[Short descriptive text snippets]
------------------------------------

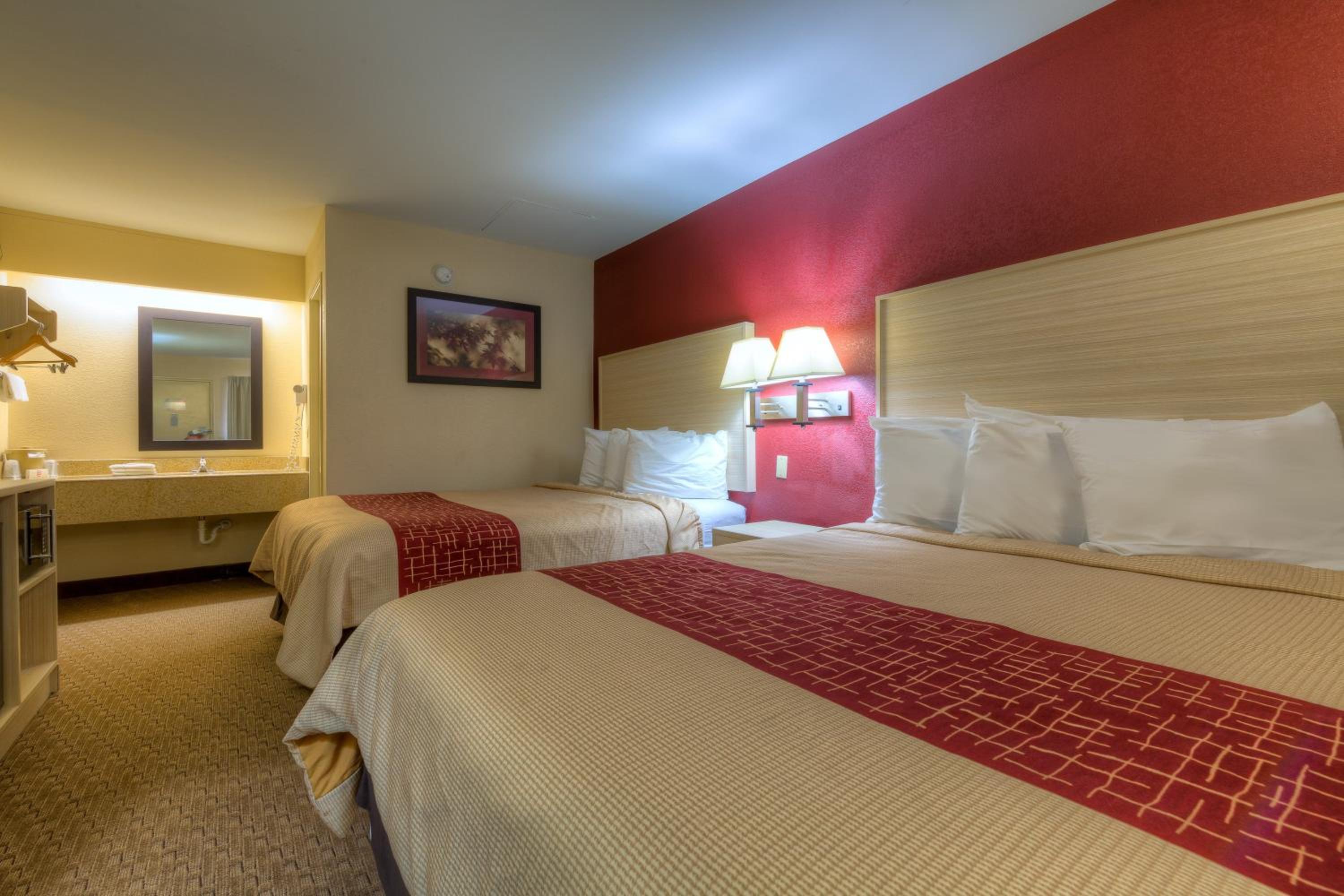 Deluxe Room with Two Queen Beds Non-Smoking - Photo 4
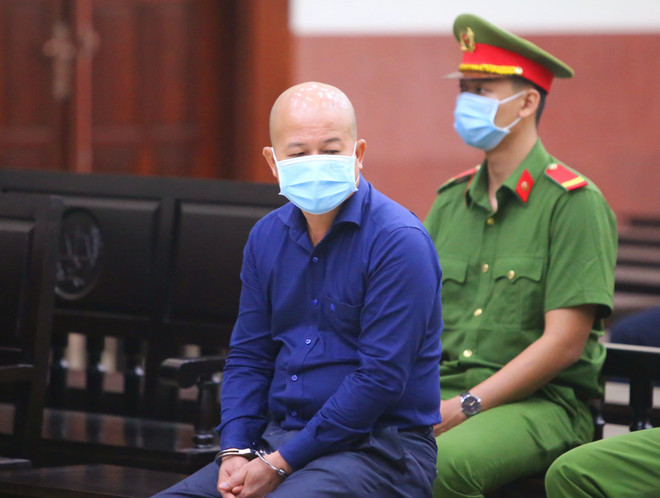 Bị cáo Đinh Ngọc Hệ (tức Út trọc, Phó Tổng Giám đốc Tổng công ty Thái Sơn). (Ảnh: Thành Chung/TTXVN) Vụ cao tốc TP.HCM-Trung Lương: Đinh Ngọc Hệ từ chối luật sư chỉ định ảnh 1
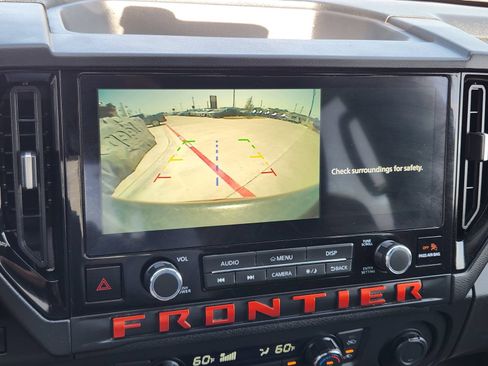 Used 2025 Nissan Frontier PRO-4X w/ Tow Package AWD/4WD image 18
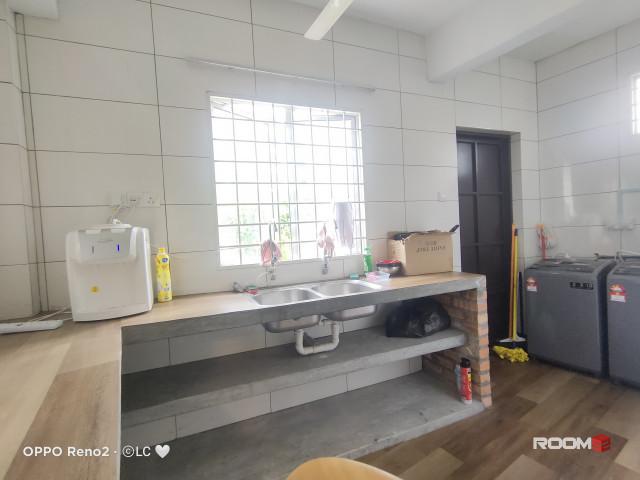 Nice Ensuite room walk 200m to LRT Asia Jaya ‍♀️ FREE car park NEW ROOM RENT available
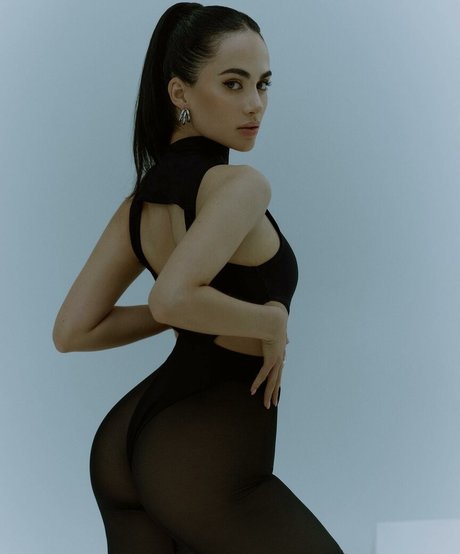 Clara Melinat pornstar pretty pictures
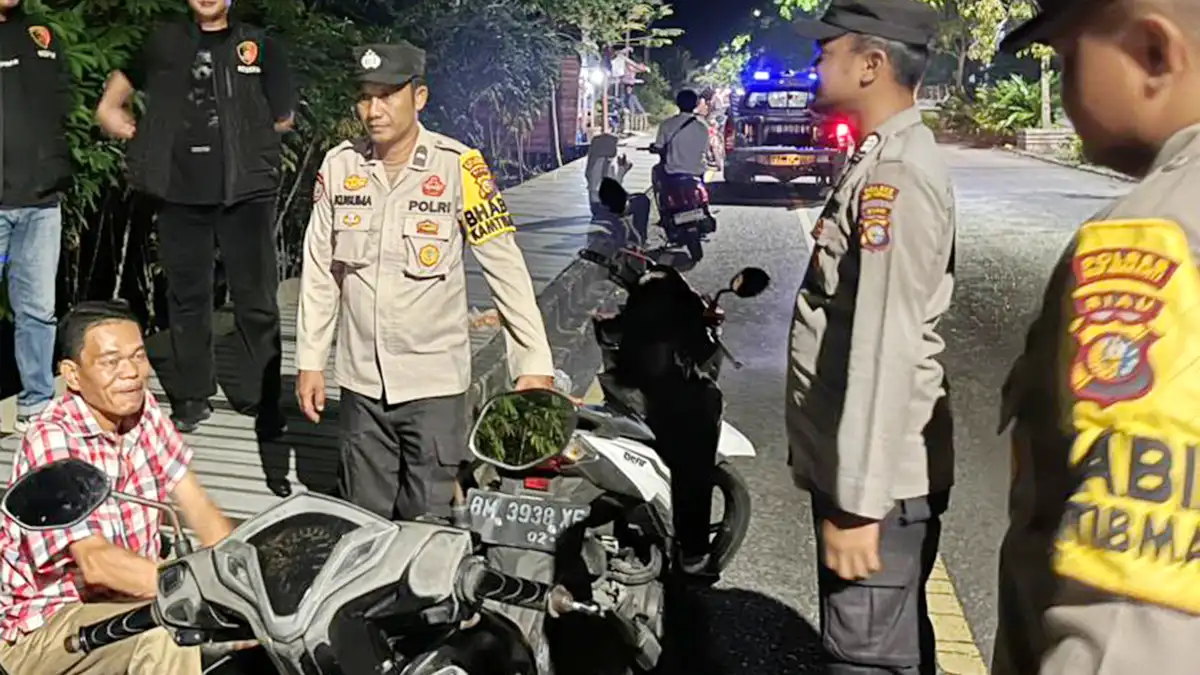 Polres Kepulauan Meranti melalui Tim Raga saat melaksanakan Kegiatan Rutin yang Ditingkatkan (KRYD) dan Blue Light Patrol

------------------------------------

◆ **What to work on**
Verbatim output of every entry above is required, though pictures are to be left out.

◆ **Reply to the task**
 Deluxe Room with Two Queen Beds Non-Smoking - Photo 4
 Bị cáo Đinh Ngọc Hệ (tức Út trọc, Phó Tổng Giám đốc Tổng công ty Thái Sơn). (Ảnh: Thành Chung/TTXVN) Vụ cao tốc TP.HCM-Trung Lương: Đinh Ngọc Hệ từ chối luật sư chỉ định ảnh 1
 Used 2025 Nissan Frontier PRO-4X w/ Tow Package AWD/4WD image 18
 Nice Ensuite room walk 200m to LRT Asia Jaya ‍♀️ FREE car park NEW ROOM RENT available
 Clara Melinat pornstar pretty pictures
 Polres Kepulauan Meranti melalui Tim Raga saat melaksanakan Kegiatan Rutin yang Ditingkatkan (KRYD) dan Blue Light Patrol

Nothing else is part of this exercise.